Recession worries weigh on euro as US stocks advance - AFP
The euro retreated against the dollar Thursday as economic data pointed to increased prospects of a recession in Europe, while Wall Street stocks finished higher following another volatile session.
US stocks overcame a midday sag as Federal Reserve Chair Jerome Powell, in a second day of testimony on Capitol Hill, downplayed the idea that government pandemic aid was the key factor fueling US inflation as he continued to vow a tough response to inflation.
But Karl Haeling of LBBW said markets have “significantly shifted rate hike expectations” over the last week as recession chatter has grown. Investors now anticipate the United States will be essentially finished with rate hikes in 2022 rather than in 2023.
The broad-based S&P 500 finished up one percent.
Meanwhile, economic growth in the eurozone plummeted in June, a key survey showed, as high prices took the wind out the strong recovery from the deep lows of the coronavirus pandemic.
The closely-watched monthly purchasing managers’ index by S&P Global slumped to 51.9 from 54.8 in May. A figure above 50 indicates growth.
PMI data also revealed that Britain’s private sector business activity is languishing at its lowest level for more than a year on decades-high inflation.
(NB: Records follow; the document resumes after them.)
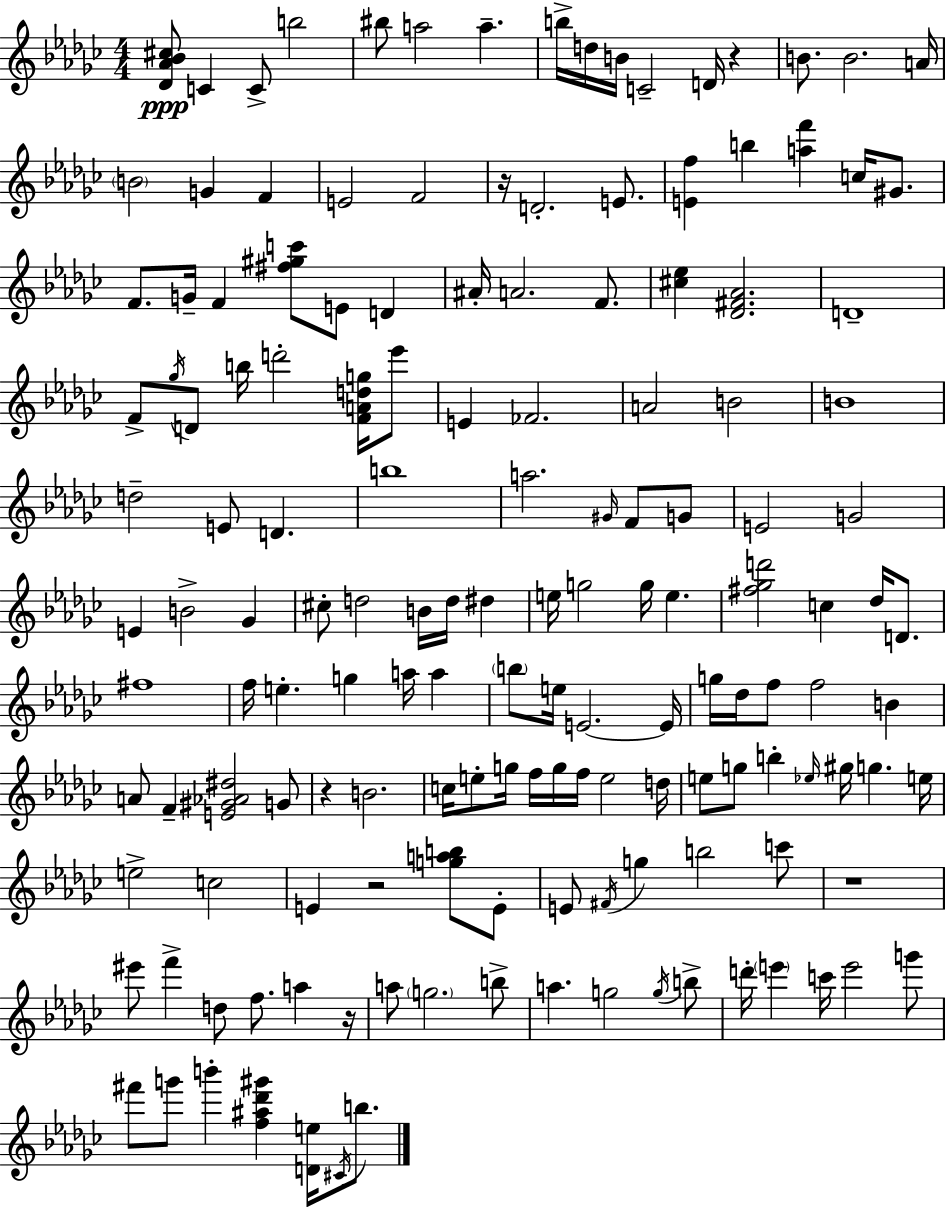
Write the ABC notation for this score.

X:1
T:Untitled
M:4/4
L:1/4
K:Ebm
[_D_A_B^c]/2 C C/2 b2 ^b/2 a2 a b/4 d/4 B/4 C2 D/4 z B/2 B2 A/4 B2 G F E2 F2 z/4 D2 E/2 [Ef] b [af'] c/4 ^G/2 F/2 G/4 F [^f^gc']/2 E/2 D ^A/4 A2 F/2 [^c_e] [_D^F_A]2 D4 F/2 _g/4 D/2 b/4 d'2 [FAdg]/4 _e'/2 E _F2 A2 B2 B4 d2 E/2 D b4 a2 ^G/4 F/2 G/2 E2 G2 E B2 _G ^c/2 d2 B/4 d/4 ^d e/4 g2 g/4 e [^f_gd']2 c _d/4 D/2 ^f4 f/4 e g a/4 a b/2 e/4 E2 E/4 g/4 _d/4 f/2 f2 B A/2 F [E^G_A^d]2 G/2 z B2 c/4 e/2 g/4 f/4 g/4 f/4 e2 d/4 e/2 g/2 b _e/4 ^g/4 g e/4 e2 c2 E z2 [gab]/2 E/2 E/2 ^F/4 g b2 c'/2 z4 ^e'/2 f' d/2 f/2 a z/4 a/2 g2 b/2 a g2 g/4 b/2 d'/4 e' c'/4 e'2 g'/2 ^f'/2 g'/2 b' [f^a_d'^g'] [De]/4 ^C/4 b/2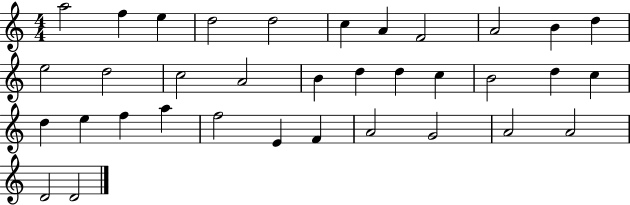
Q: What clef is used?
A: treble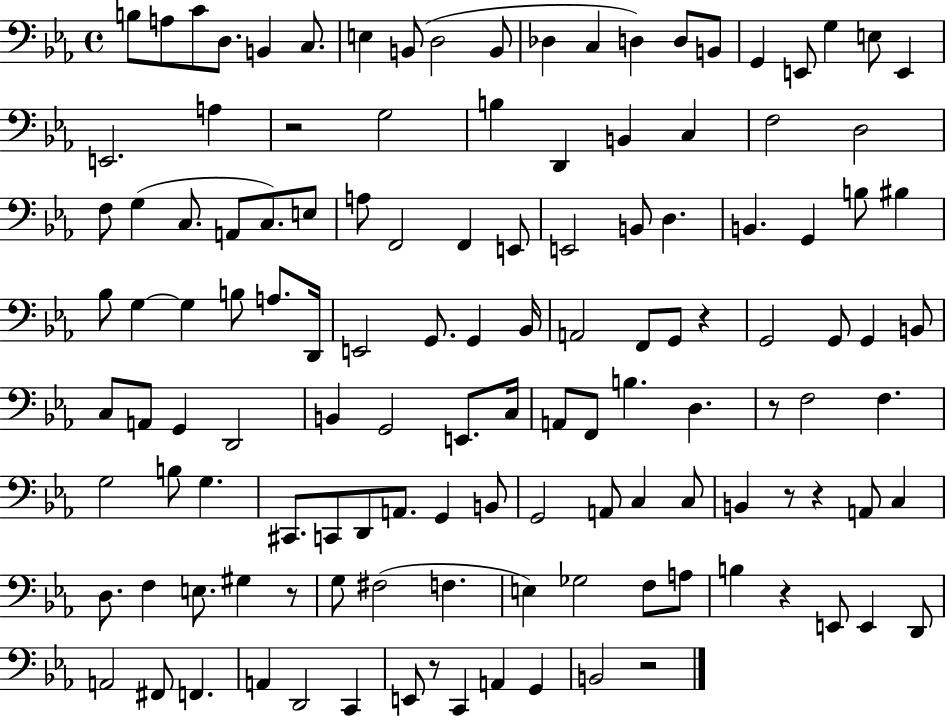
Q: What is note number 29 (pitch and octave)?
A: D3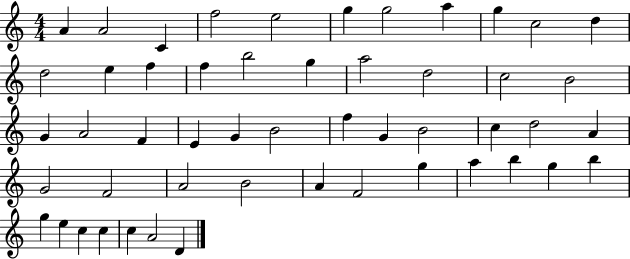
{
  \clef treble
  \numericTimeSignature
  \time 4/4
  \key c \major
  a'4 a'2 c'4 | f''2 e''2 | g''4 g''2 a''4 | g''4 c''2 d''4 | \break d''2 e''4 f''4 | f''4 b''2 g''4 | a''2 d''2 | c''2 b'2 | \break g'4 a'2 f'4 | e'4 g'4 b'2 | f''4 g'4 b'2 | c''4 d''2 a'4 | \break g'2 f'2 | a'2 b'2 | a'4 f'2 g''4 | a''4 b''4 g''4 b''4 | \break g''4 e''4 c''4 c''4 | c''4 a'2 d'4 | \bar "|."
}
“The latest PMI numbers from France and Germany have weighed on the euro, with economic activity slowing more than expected in June, raising concerns that both countries are heading into a recession,” said market analyst Michael Hewson at CMC Markets.
“While ECB (European Central Bank) policymakers continue to insist that a recession isn’t their base case, all the evidence points to exactly that,” he added.
European stocks also fell, with London ending the day down 1.0 percent and Paris shedding 0.6 percent. Frankfurt tumbled 1.8 percent after Germany hiked its alert level about natural gas supplies, taking it one step closer to rationing.
Government bond yields also fell in another indication that investors are more worried about the prospect of a recession, removing some of the financial sting on governments from rising interest rates.
Commentators have warned for some time that the world economy could be heading for contracting growth owing to the sharp increase in global interest rates aimed at cooling inflation.
The prospect of a retreat in the global economy continued to drag on oil prices as traders fretted over slowing demand.
Brent and WTI, the international and US benchmarks, have slumped over the past week, even with sanctions on Russian crude exports and China’s gradual reopening from lockdowns.
Adding to the selling of crude was data Wednesday indicating a jump in US stockpiles.